I’ll cut straight to the point with this one. If you’ve Googled “Sous Vide Ox Cheek”, the numbers you’re interested in are: 75c for 20 hours. If you’re interested in the rest of this dish – here are the details:
Ox Cheeks – cheap, full of flavour and incredible in texture if you cook them right. I’d read a few different cooking times for Sous Vide Ox Cheek with the trend seeming to be for a higher temperature and shorter cooking time. This seems a little odd to me – Ox Cheeks are certainly a prime slow-cook cut so why not give them time to give way to that luscious, melt-in-the-mouth texture slowly? Not that I’ve tried cooking them harder and faster but I can confirm 100% – 75c for 20 hours will get you where you want to be – perfectly cooked beef cheeks.
Clean up the cheeks removing any silvery membrane and sinewy pieces from the surface. Now give them a sear in some moderately hot oil – just to develop a little colour on the surface. Normally with Sous Vide cooking you’d want to sear the meat after the water bath treatment but these cheeks are going to come out so ready to melt, you don’t want to be bashing them about too much at the end of cooking.
Bag them up with a sprig of thyme and stick them in a Sous Vide water bath (I use a SousVide Supreme) for 20 hours at 75c.

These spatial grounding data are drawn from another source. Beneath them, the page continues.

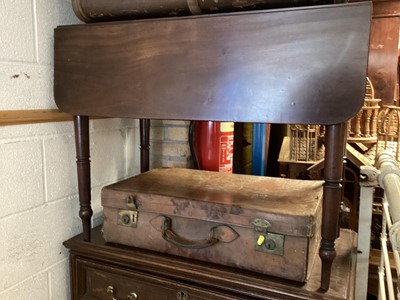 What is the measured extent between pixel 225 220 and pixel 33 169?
1.84 feet

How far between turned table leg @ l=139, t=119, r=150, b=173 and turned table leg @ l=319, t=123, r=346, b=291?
791 millimetres

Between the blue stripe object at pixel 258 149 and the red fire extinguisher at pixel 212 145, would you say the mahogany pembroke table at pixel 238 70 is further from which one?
the blue stripe object at pixel 258 149

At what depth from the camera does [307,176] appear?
2.42m

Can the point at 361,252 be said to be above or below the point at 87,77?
below

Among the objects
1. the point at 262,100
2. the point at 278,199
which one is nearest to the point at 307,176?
the point at 278,199

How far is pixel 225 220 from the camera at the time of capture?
3.02 feet

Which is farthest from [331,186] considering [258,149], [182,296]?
[258,149]

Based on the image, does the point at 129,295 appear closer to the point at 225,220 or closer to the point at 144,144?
the point at 225,220

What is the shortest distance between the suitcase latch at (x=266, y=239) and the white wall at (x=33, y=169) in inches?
24.6

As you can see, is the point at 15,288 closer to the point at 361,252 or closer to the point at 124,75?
the point at 124,75

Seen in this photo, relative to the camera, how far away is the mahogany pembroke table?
2.32 ft

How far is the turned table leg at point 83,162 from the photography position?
3.43 ft

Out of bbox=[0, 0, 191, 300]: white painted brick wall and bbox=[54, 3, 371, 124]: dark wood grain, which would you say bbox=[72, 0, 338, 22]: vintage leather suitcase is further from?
bbox=[0, 0, 191, 300]: white painted brick wall

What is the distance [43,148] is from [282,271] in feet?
2.42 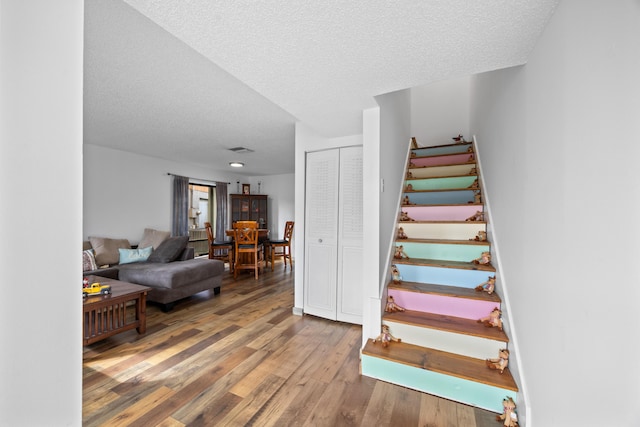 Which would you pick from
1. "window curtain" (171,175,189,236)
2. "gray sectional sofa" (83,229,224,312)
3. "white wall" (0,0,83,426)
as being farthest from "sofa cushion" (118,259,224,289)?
"white wall" (0,0,83,426)

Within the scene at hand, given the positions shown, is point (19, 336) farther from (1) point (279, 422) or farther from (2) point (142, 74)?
(2) point (142, 74)

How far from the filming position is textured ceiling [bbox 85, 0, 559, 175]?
102cm

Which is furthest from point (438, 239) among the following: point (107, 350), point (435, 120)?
point (107, 350)

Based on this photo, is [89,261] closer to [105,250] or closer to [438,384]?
[105,250]

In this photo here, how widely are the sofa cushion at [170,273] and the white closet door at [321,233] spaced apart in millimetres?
1529

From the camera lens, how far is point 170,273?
3.10 meters

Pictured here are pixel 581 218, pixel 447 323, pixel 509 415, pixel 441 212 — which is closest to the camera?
pixel 581 218

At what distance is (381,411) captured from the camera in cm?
150

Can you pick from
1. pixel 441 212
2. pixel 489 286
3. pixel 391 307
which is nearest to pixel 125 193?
pixel 391 307

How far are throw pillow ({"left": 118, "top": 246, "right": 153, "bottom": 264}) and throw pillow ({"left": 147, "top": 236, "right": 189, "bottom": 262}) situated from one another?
112 mm

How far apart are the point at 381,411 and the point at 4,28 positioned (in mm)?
2063

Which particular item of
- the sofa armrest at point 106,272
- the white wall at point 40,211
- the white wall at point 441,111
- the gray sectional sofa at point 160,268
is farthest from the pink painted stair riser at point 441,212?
the sofa armrest at point 106,272

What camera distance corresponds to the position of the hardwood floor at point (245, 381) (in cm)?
145

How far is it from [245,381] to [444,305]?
5.15 feet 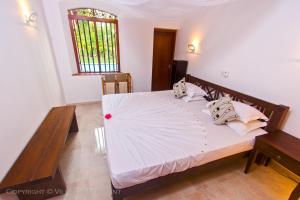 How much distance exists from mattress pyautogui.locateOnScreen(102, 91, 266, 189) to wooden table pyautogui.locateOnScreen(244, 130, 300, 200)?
0.11 m

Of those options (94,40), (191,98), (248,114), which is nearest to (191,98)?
(191,98)

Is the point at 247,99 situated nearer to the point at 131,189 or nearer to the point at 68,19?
the point at 131,189

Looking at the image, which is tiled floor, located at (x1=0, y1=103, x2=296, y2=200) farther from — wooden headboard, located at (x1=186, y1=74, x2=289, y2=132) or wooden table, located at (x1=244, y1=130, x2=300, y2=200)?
wooden headboard, located at (x1=186, y1=74, x2=289, y2=132)

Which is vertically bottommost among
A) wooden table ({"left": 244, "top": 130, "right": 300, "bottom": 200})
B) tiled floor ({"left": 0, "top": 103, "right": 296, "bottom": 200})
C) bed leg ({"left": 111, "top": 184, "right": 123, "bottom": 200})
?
tiled floor ({"left": 0, "top": 103, "right": 296, "bottom": 200})

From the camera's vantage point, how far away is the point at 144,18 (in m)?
3.67

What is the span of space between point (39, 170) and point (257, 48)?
3190 millimetres

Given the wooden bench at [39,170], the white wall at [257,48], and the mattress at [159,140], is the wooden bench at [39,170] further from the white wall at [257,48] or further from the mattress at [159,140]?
the white wall at [257,48]

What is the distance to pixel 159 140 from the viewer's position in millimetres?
1690

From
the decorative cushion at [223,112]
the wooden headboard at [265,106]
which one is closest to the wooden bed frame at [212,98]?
the wooden headboard at [265,106]

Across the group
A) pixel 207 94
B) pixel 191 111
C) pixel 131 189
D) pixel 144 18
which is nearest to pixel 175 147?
pixel 131 189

I then made a sauce to finish the cheeks in:
- A basic mirepoix (finely chopped carrot, onion and celery)
- 2 bay leaves
- half a bottle of stout
- 1.5 pints beef stock
- 20 or so whole black pepper corns.
Sweat the veg for 20 minutes in oil then add the stout to reduce for a few minutes. Add the rest of the ingredients. Simmer gently for 2 hours – your stock should help it thicken but if it doesn’t add a little flour mixed with water.

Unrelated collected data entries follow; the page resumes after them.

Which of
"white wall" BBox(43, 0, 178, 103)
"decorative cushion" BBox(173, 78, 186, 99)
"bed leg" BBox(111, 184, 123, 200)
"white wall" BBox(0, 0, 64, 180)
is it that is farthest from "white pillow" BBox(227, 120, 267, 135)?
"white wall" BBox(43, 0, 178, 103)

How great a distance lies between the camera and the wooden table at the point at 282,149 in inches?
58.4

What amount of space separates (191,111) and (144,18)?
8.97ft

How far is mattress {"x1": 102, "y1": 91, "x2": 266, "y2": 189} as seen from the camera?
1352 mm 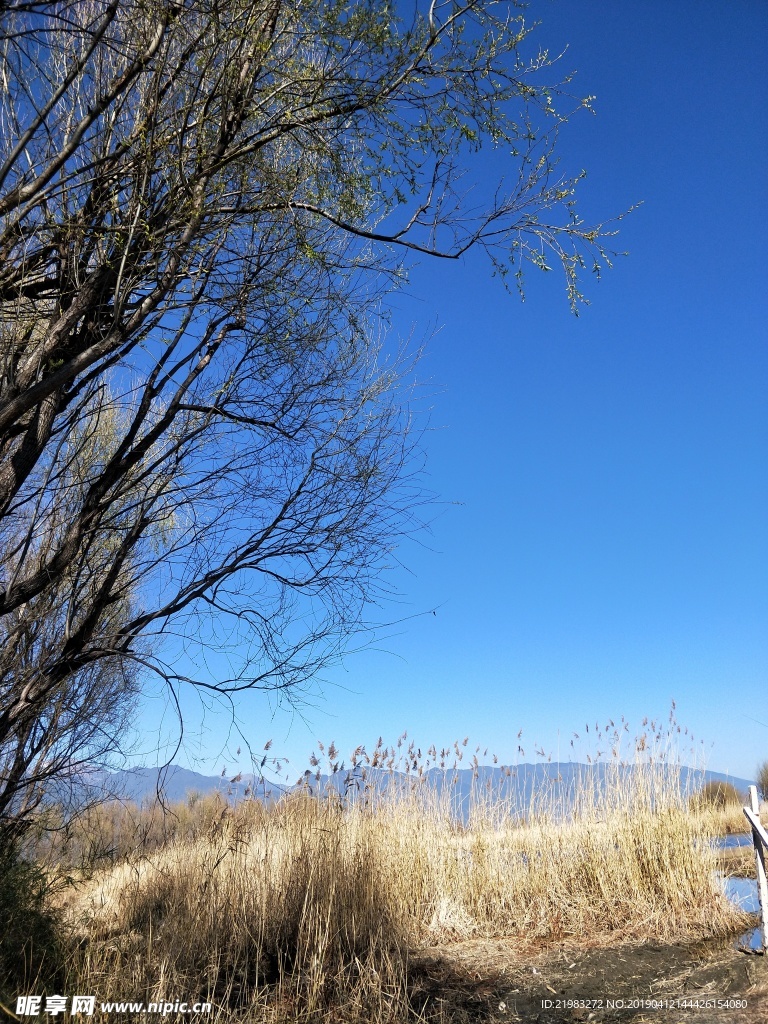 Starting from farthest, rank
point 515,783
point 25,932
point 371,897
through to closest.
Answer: point 515,783 < point 371,897 < point 25,932

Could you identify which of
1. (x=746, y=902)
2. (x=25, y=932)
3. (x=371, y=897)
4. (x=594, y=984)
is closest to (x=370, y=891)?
(x=371, y=897)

Pass through a sieve and return to the heat.
When the cheeks are done, make sure you empty the juices that will have formed in the cooking pouches into the sauce.

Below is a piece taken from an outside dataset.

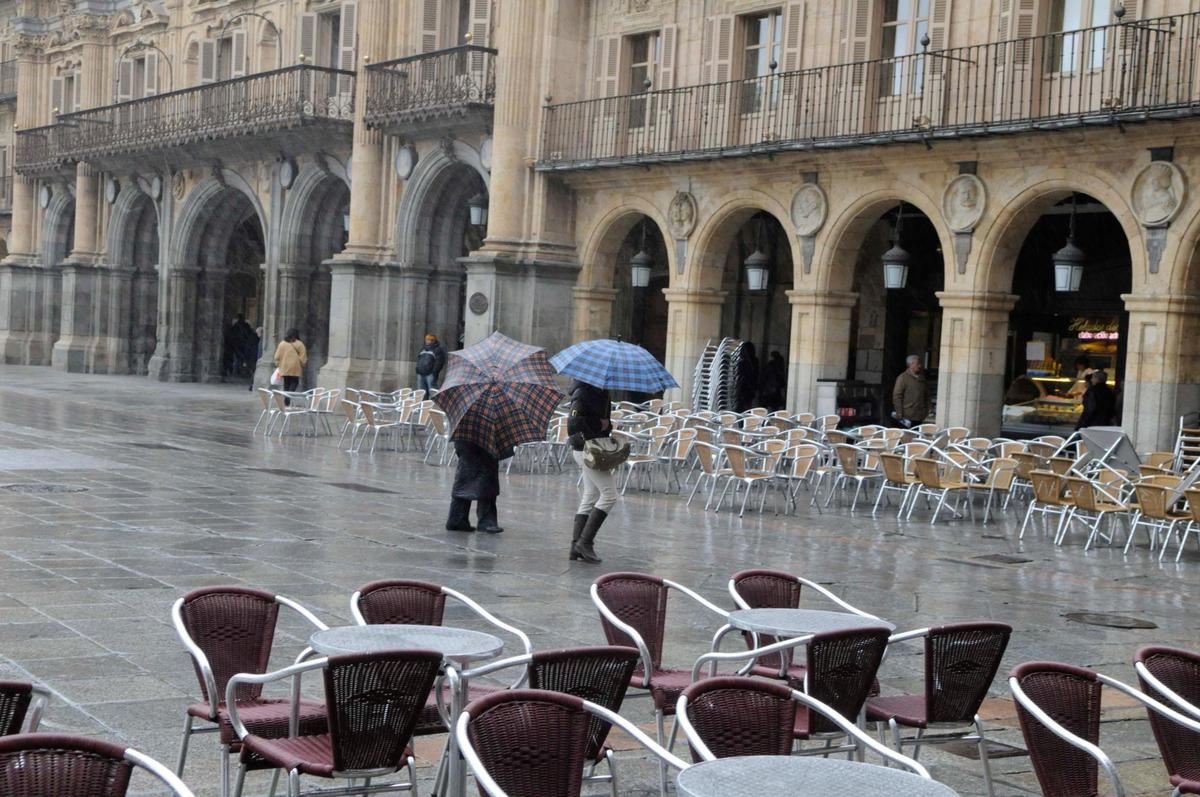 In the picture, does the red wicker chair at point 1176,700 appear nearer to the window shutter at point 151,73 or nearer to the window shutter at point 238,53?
the window shutter at point 238,53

Cut the cheeks into halves – maybe thirds depending on how many you’re feeding or how you want to plate your food. Now place the cheeks into the sauce and heat, very, very gently for 15 minutes or so – just to let the sauce/stock and the cheeks get to know each other.
Check the seasoning and you’re done.
Serve with some mash and you’ve got an incredible plate of food. If you fancy taking it a little further you can cook carrots Sous Vide at 85c for 45 minutes or so with some butter and a little sugar.
I also served this with savoy cabbage heated through in a pan with a little olive oil just until it starts to brown – you then add a splash of water (half a cup) to relax things a little and then some grated orange peel and even the flesh of an orange wont do any harm. Orange and cabbage works well – orange and beef work incredibly well.
Another variation is to replace the stout with Pedro Ximenez sherry and you’ve taken the dish in a completely different, but still utterly wonderful, direction.